Essentially, the companies won in that they got the unions to accept several key concessions, like contributions to health care benefits, among other things.
Now over to the world of public sector transportation disarray. We've all heard by now that transportation funding reform didn't pass as part of the state budget package last Sunday.
So now transportation will have to be addressed sometime in the new fiscal year. Except, this year also brings elections, and we all know the legislature has no stomach for reform in an election year. That was the case in 2011, 2010, 2009... At this point, it's a lame excuse.
Optimism didn't last long at the Pennsylvania Turnpike Commission with collapse of the transportation bill.

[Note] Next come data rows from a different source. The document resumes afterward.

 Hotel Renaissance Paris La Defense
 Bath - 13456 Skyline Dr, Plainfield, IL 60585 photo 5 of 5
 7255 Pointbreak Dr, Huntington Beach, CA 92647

It would've cut the turnpike's payments to PennDOT nearly in half, freeing up $200 million to pay debt, which has been incurred as a result of the payments.

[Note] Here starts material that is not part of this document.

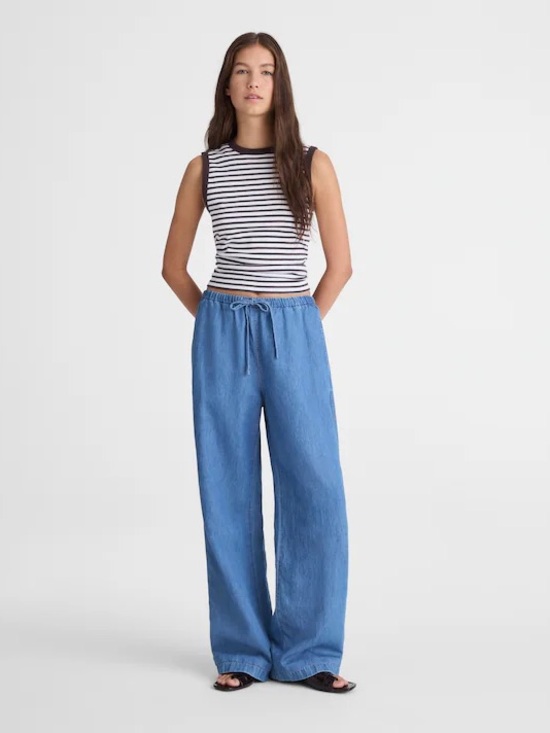Madewell Pants - Madewell Pull-On Jeans in Cotton-Linen Denim.  Color Irving WashRigid Size S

"At this point, it's too soon to say specifically what the impact is," turnpike spokesman Carl DeFebo said in an email. "We will continue to evaluate that in the coming weeks. We may be forced to dial back our capital spending and operating budgets department by department — but that's not an immediate outcome. Should know more after July 16 commission meeting. Bottom line: We still have this funding obligation and fully intend to meet it."
This week, turnpike CEO Mark Compton appointed members to the special advisory committee that will review contracting and business practices, a response to the grand jury indictments and pay-to-play scandal. The appointees are:
• John L. Gedid of Cumberland County, a retired law professor and founder and director of the Law & Government Institute at Widener University School of Law's Harrisburg campus.
• Maureen Lally-Green of Butler County, a retired State Superior Court judge and adjunct professor at Duquesne University School of Law, Pittsburgh. She also serves as an associate general secretary of the Catholic Diocese of Pittsburgh.
• M.G. Patel of Dauphin County, a former executive at Hersha Group, the Harrisburg investment trust focused on hotel real estate, and retired chief engineer of PennDOT with more than 30 years of experience.
One of the issues dragging out for the turnpike is contract talks with toll collectors represented by the Teamsters. Still no deal after two years. Negotiations are ongoing, DeFebo said.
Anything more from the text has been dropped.